Directions for this task: Starting from the line in which "Western blot analysis" appears, set down each line exactly through the end of the listing, and nothing else. Leave out pictures.

Data block:
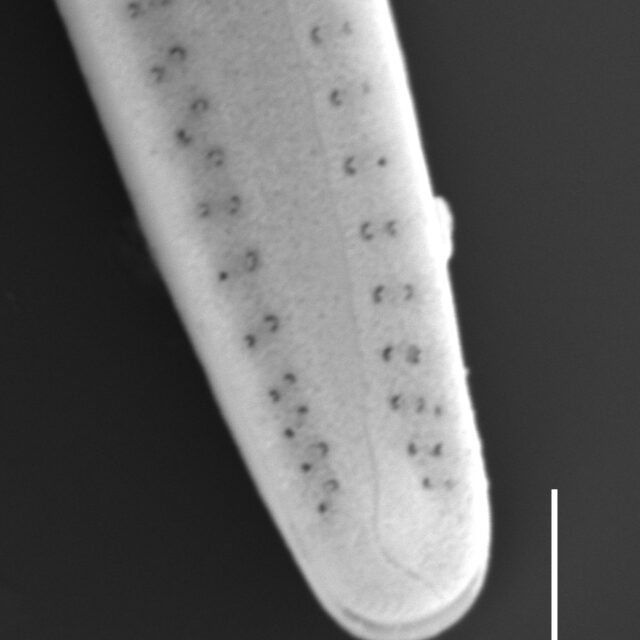 Gomphonema Intricatum Var Vibrio Sem3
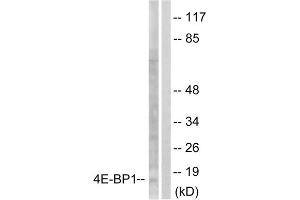 Western blot analysis of extracts from Jurkat cells, treated with Insulin (0. (eIF4EBP1 Antikörper  (Ser65))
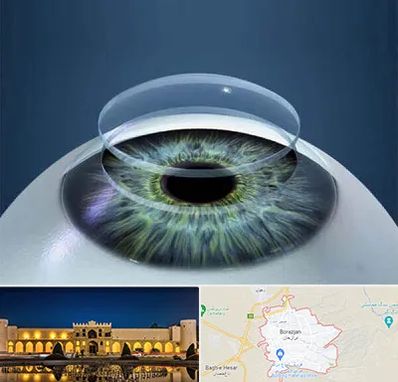 پیوند قرنیه در برازجان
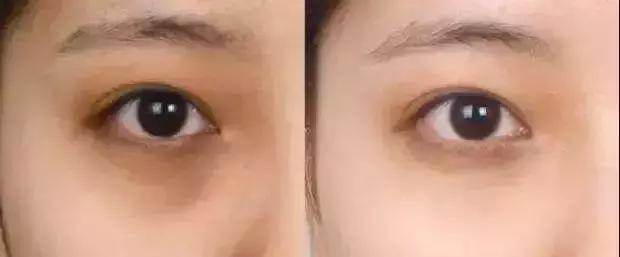 lamer去黑眼圈,lamer浓缩眼霜去黑眼圈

Output:
 Western blot analysis of extracts from Jurkat cells, treated with Insulin (0. (eIF4EBP1 Antikörper  (Ser65))
 پیوند قرنیه در برازجان
 lamer去黑眼圈,lamer浓缩眼霜去黑眼圈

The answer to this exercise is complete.